Ever wondered what it’s like to train for a marathon? Our blogger, Rachel Glum, invites you along for the ride as she takes on her second marathon, this time with a shiny new time goal. Read on as she discusses the good and the bad of long runs, and why it’s all worth it in the end.
It’s easy to romanticize training – to remember the feelings of accomplishment, the runner’s highs, and the delicious post-run brunches. According to this NY Times Well blog article, Forgetting the Pain of Exercise, marathon runners may in fact have “selective amnesia,” which allows us to remember pain associated with a pleasant experience as much less intense in hindsight than it actually was. This probably explains why mid-way through training for my first marathon I vowed it would be my only one, yet a few days after I completed the race, I was ready to do it again the following year.

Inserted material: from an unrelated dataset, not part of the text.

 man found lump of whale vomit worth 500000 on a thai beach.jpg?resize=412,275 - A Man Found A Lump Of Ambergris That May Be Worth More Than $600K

While much of training is enjoyable, a lot of it is also frustrating, draining, challenging, and just downright unpleasant. And all of the bad stuff came rushing back at me during week four’s 14 mile run.
What I did wrong
It was a hot day, and despite stepping out the door at 7:30am, the sun was already beating down strongly. But my biggest mistake was not bringing any food with me. For the past few months, I’ve been consistently running up to 12 miles without needing additional carbohydrates, but that distance should have been my cut-off. Feeling the combined effects of heat, dehydration (despite consistently drinking from the water fountains along my route), and carb depletion, my head felt quite foggy until I was able to get a real meal in. Plus, as much as I don’t like to admit it, my legs started to feel tired around mile 10.
Next time I’ll be sure to bring fuel with me, but I’m experienced enough to know that a few extra carbs won’t take away all of the unpleasantness that comes with a long run.

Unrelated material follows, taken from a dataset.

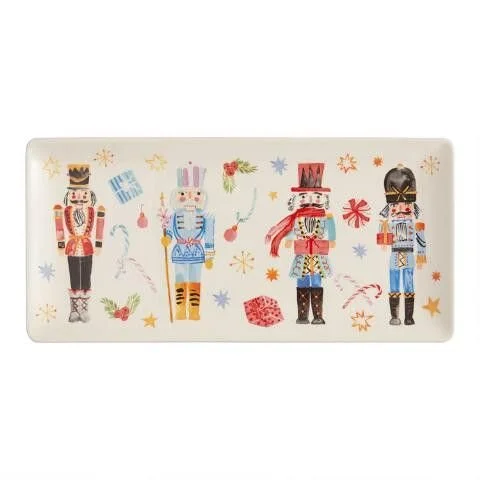 Watercolor Nutcracker Serving Platter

All of this is to say that the realities of training are easy to forget when you’re not in the throes of it, because you view it through the rosy lens of endorphins, mileage goals met, and (if it’s not your first race) medal-adorned, smiling post-race pictures. When I’m having a tough time on a run, I always repeat to myself, “It’s supposed to be hard.” Now that might sound harsh, but to me it’s motivating. Let me explain:
One of the reasons completing a marathon is so rewarding is because you have to push yourself to your physical and mental limits to achieve that goal. You have to grit your teeth through the challenge, summon all your willpower to make it one more mile than the previous week, ignore your exhaustion, and let go of that voice that keeps telling you to stop. It teaches you how much stronger you are than you thought, which is an unbelievably empowering experience. And that is why despite having a tough time on my run, there is no doubt in my mind that I’m 100% committed to this journey.
Topic of the week: Sleep & Nutrition
While marathon training is going to be difficult no matter what, paying attention to proper nutrition and adequate sleep can make a huge difference in how successful you are. When I sleep well and fuel myself with healthy food, I have more energy, recover from workouts faster, and feel more motivated to train. I also feel more mentally clear and just plain happier!
It’s probably not news to most of you that a healthy diet and sleep schedule can make you feel better, but you’ve also probably heard someone tell a long-distance runner, “You run so much, you can eat whatever you want!” This is so far from the truth – when you’re already putting your body through a grueling physical challenge, poor diet or sleep can have a profound negative effect your training.
The truth is that you may have to make some sacrifices – You might not be able to go out for drinks with your co-workers after work, eat out at restaurants frequently, or stay up late on the weekends if you want to feel your best. Of course, all of this is up to you – and depends on how serious you are about your goal. But my advice would be to pay attention to how sleep and diet affect your performance during this process, and to not discount it as unimportant.
Remember: It’s supposed to be hard. That’s what makes it worth it.